Le giovani generazioni — ma non solo — vedono davanti a loro un futuro sempre più vuoto, soffrono di un male di vivere causato da un’organizzazione sociale ed economica, quella liberista, oramai palesemente fallimentare, portatrice di ulteriori diseguaglianze e generatrice di una visione del mondo nichilista e individualista. E proprio la larghissima partecipazione giovanile alle manifestazioni di queste settimane dà l’idea di una scoperta di comunità, di un ritrovato orizzonte di senso, di una acquisizione di valori fondamentali a cominciare da quello della persona umana e della sua dignità. C’è obiettivamente una allarmante distanza fra le dinamiche dei partiti e il sentire di larga parte della popolazione — lavoratrici e lavoratori dipendenti, media e piccola borghesia declassata — determinante nelle forme crescenti di astensionismo elettorale.

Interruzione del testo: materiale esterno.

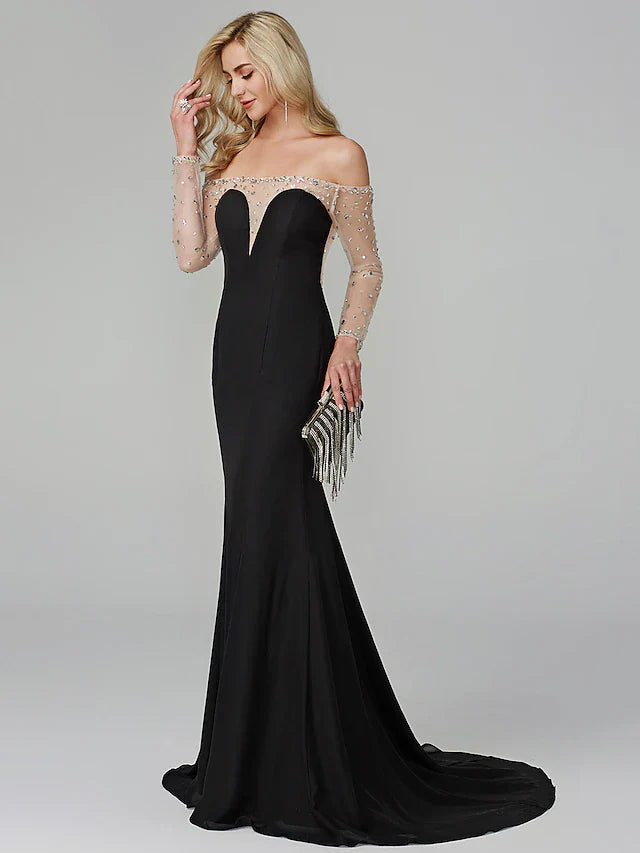 Mermaid / Trumpet See Through Dress Holiday Floor Length Long Sleeve Off Shoulder Chiffon with Beading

Tale complesso fenomeno mette in discussione di fatto il pieno esercizio della sovranità popolare e si è manifestato maggiormente sia nelle elezioni europee che più recentemente in quelle regionali, dove la molteplicità di leggi elettorali contraddittorie e palesemente incongrue moltiplica la reale rappresentanza e favorisce forme indirette di presidenzialismi senza alcun bilanciamento. Ciò rivela un drammatico contrasto con l’ispirazione originaria delle Regioni, nate per avvicinare gli eletti agli elettori e per consentire un’espansione della partecipazione popolare.

Ed è anche un drammatico avvertimento nella prospettiva della riforma del premierato. In generale l’elevatissima percentuale di astensioni rivela la diffusa percezione che il voto non cambia la propria condizione di vita e di lavoro; si vive cioè una scissione fra politica e società, come se la prima sia prerogativa e monopolio di pochi, esterni o indifferenti alle reali condizioni sociali. Per queste ragioni daremo vita a un convegno tematico sull’astensionismo presumibilmente a gennaio del 2026.

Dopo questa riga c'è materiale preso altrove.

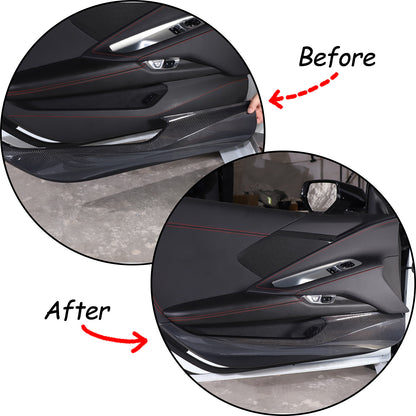 For Corvette C8 Stingray Coupe HTC 2020+ Carbon Inner Lower Door Panel Anti-Kick 4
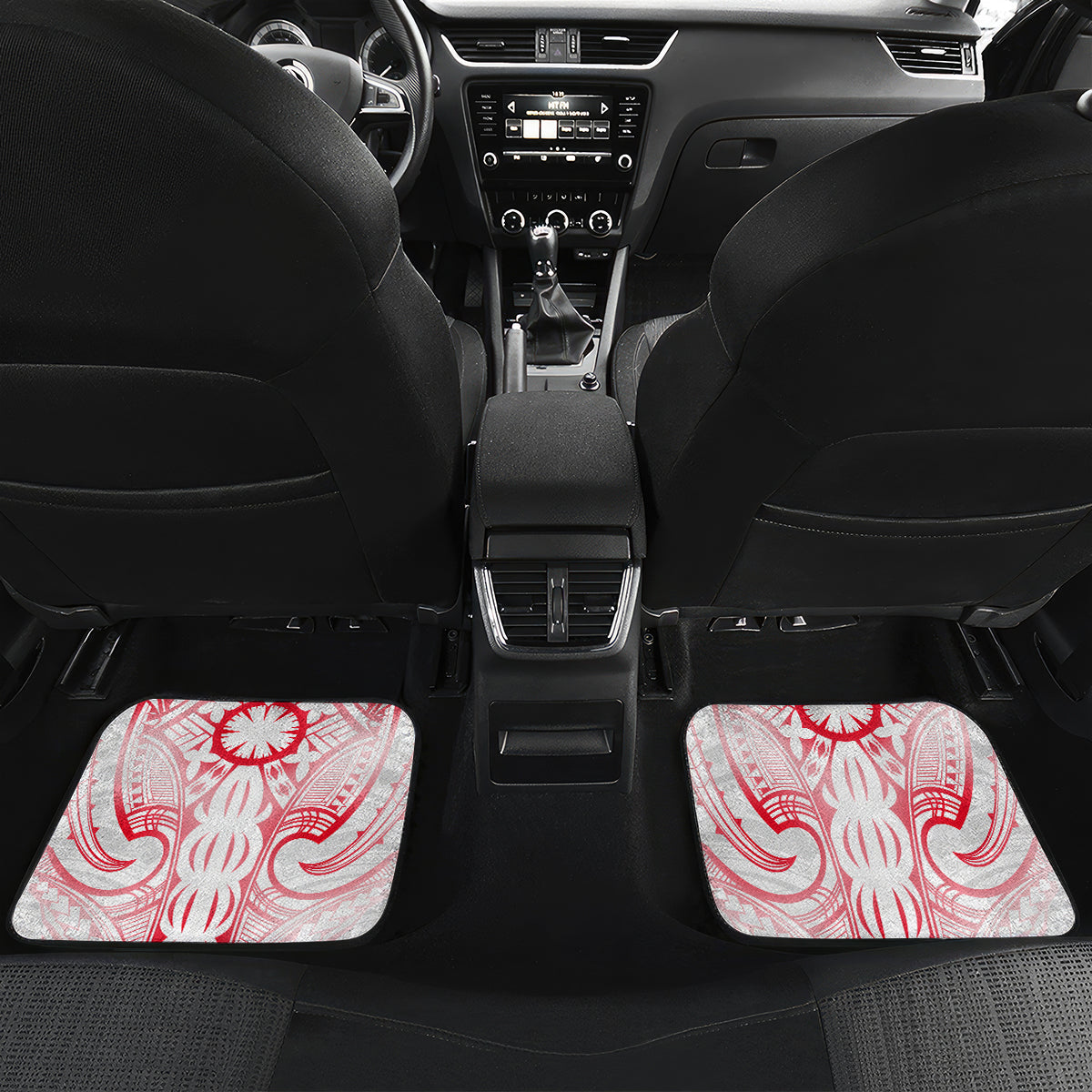 New Zealand Women's Day Car Mats Maori Wahine Polynesian Pattern LT05 Set 2pcs - Back White - Polynesian Pride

A una prima impressione la manovra economica si presenta largamente inadeguata, con oboli insignificanti ai salariati e ai pensionati, e furbesca perché sembra alludere a evitare la procedura d’infrazione per la gigantesca spesa militare, che è una spada di Damocle per il bilancio reale del nostro Paese per i prossimi anni anche in ragione della futura restituzione della parte a debito del PNRR.

Peraltro si avvicina il tempo del referendum costituzionale sulla separazione delle carriere, su cui occorre attrezzare l’intera associazione per una campagna che sarà difficile e complessa per la specificità del tema in oggetto, che comunque rinvia alla più generale questione della subordinazione del potere giurisdizionale a quello dell’esecutivo. Il 14 novembre svolgeremo a Roma un convegno nazionale sulla giustizia in cui si affronterà sia il tema della separazione delle carriere che il tema della legge sulla sicurezza. Le preoccupazioni per l’approvazione da parte del governo e della sua maggioranza parlamentare di norme che prefigurano derive autoritarie richiedono una grande unità sui principi costituzionali di rispetto della dignità di ogni persona umana, di pace e di giustizia sociale…

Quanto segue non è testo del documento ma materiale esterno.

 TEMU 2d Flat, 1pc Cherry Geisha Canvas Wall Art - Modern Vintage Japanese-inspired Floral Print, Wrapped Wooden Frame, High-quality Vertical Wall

Non dimentichiamo che in questa complessa e pesante situazione abbiamo celebrato e stiamo celebrando l’80° della Liberazione, nel 2026 celebreremo l’anniversario della nascita della Repubblica e del voto alle donne e nel 2027 ricorderemo degnamente gli ottant’anni della nostra Costituzione. Siamo nel pieno di un impegno tanto faticoso quando fondamentale per difendere i fondamenti costituzionali e per contrastare i demoni della guerra. Sappiamo che l’intera Associazione saprà essere all’altezza della sfida del tempo che viviamo. Su queste basi intendiamo operare nelle prossime settimane e nei prossimi mesi, e a tal fine abbiamo promosso assemblee regionali dei comitati provinciali, nella prospettiva — a partire da questo documento — di una riflessione comune, di un orientamento e di una guida per l’azione.